All scores on the grid:
-2.421 - {'hidden_layer_sizes': (10,)}
-2.265 - {'hidden_layer_sizes': (50,)}
-0.050 - {'hidden_layer_sizes': (10, 10)}
0.623 - {'hidden_layer_sizes': (50, 50)}




In [22]:
mlp = []
for i in range(0,5):
    mlp.append(MLPRegressor(hidden_layer_sizes=(50,50), max_iter=2000).fit(X_cluster[i], y_cluster[i]))
    print("NN Error on training cluster["+str(i)+"] = "+str(1. - mlp[i].score(X_cluster[i], y_cluster[i])))
    print("NN Error on test cluster    ["+str(i)+"] = "+str(1. - mlp[i].score(X_cluster_test[i], y_cluster_test[i]))+"\n")

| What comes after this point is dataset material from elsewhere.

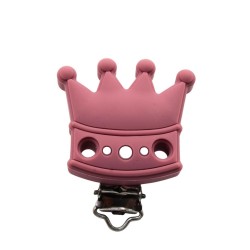 Clip Corona in silicone – Accessorio creativo per portaciucci e articoli handmade
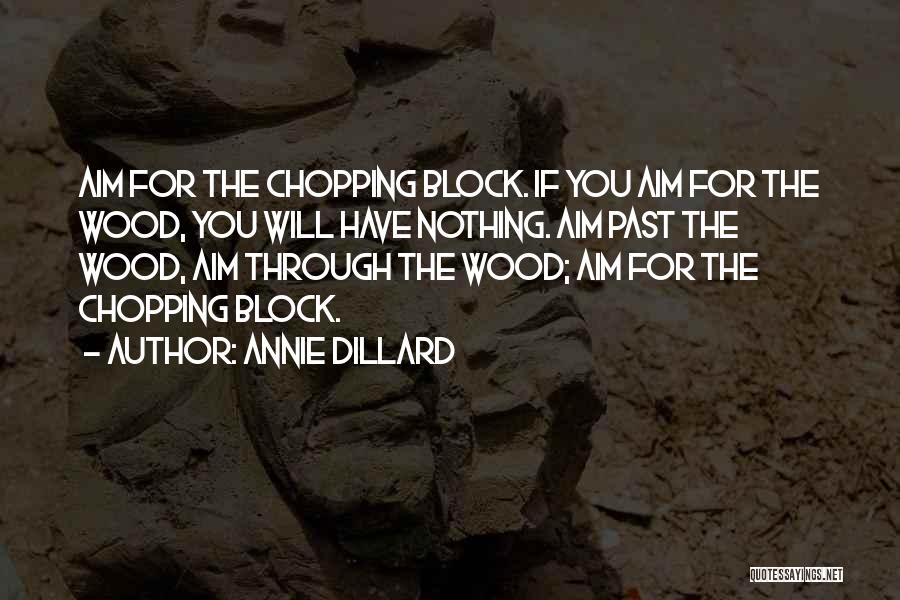 Wood Block Quotes By Annie Dillard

NN Error on training cluster[0] = 0.8508240313174289
NN Error on test cluster    [0] = 0.7415850925021548





NN Error on training cluster[1] = 0.3607398907366741
NN Error on test cluster    [1] = 0.3750387086138194





NN Error on training cluster[2] = 0.3581145318079466
NN Error on test cluster    [2] = 0.31013152852642256





NN Error on training cluster[3] = 0.40368722864321327
NN Error on test cluster    [3] = 0.4492354652015865

NN Error on training cluster[4] = 0.8368352680707952
NN Error on test cluster    [4] = 0.7703618282544413





## TO DO: compare the error of the model "clustering + NNs" and of NNs (see the beginning of the HW). Describe what you observe, and provide a possible explanation.
## [USE MAX 10 LINES]

Error on test data NN = 0.15780180798281307

In this situation the results of the clusters are all worse than the NNs this is caused because the number of samples within each cluster is not enough to obtain a good model, so we are in a condition of undercutting (Cluster = 3/4)

## TO DO: compare the error of the model "clustering + NNs" and of kNN. Describe what you observe, and provide a possible explanation.
## [USE MAX 10 LINES]

Test data error kNN = 0.3073877968909494

As before, the result of calculating the distance kNN is computationally expensive and proportional to the size of the dataset, however in general clusters perform worse because the neural network requires a lot of input data for good model.

## TO DO: compare the error of the model "clustering + NNs" and of "clustering + Linear Models". Describe what you observe, and provide a possible explanation.
## [USE MAX 10 LINES]

Linear regression error of test data = 0.32454538377939723

I notice that in the case of cluster = 3/4 I got a negative result because the number of samples within this cluster is too low to build a good model however for the first three models, compared to linear regression, the results are very close. It is also possible to see that the test error is less than the training error, usually this happens when a method generalizes well.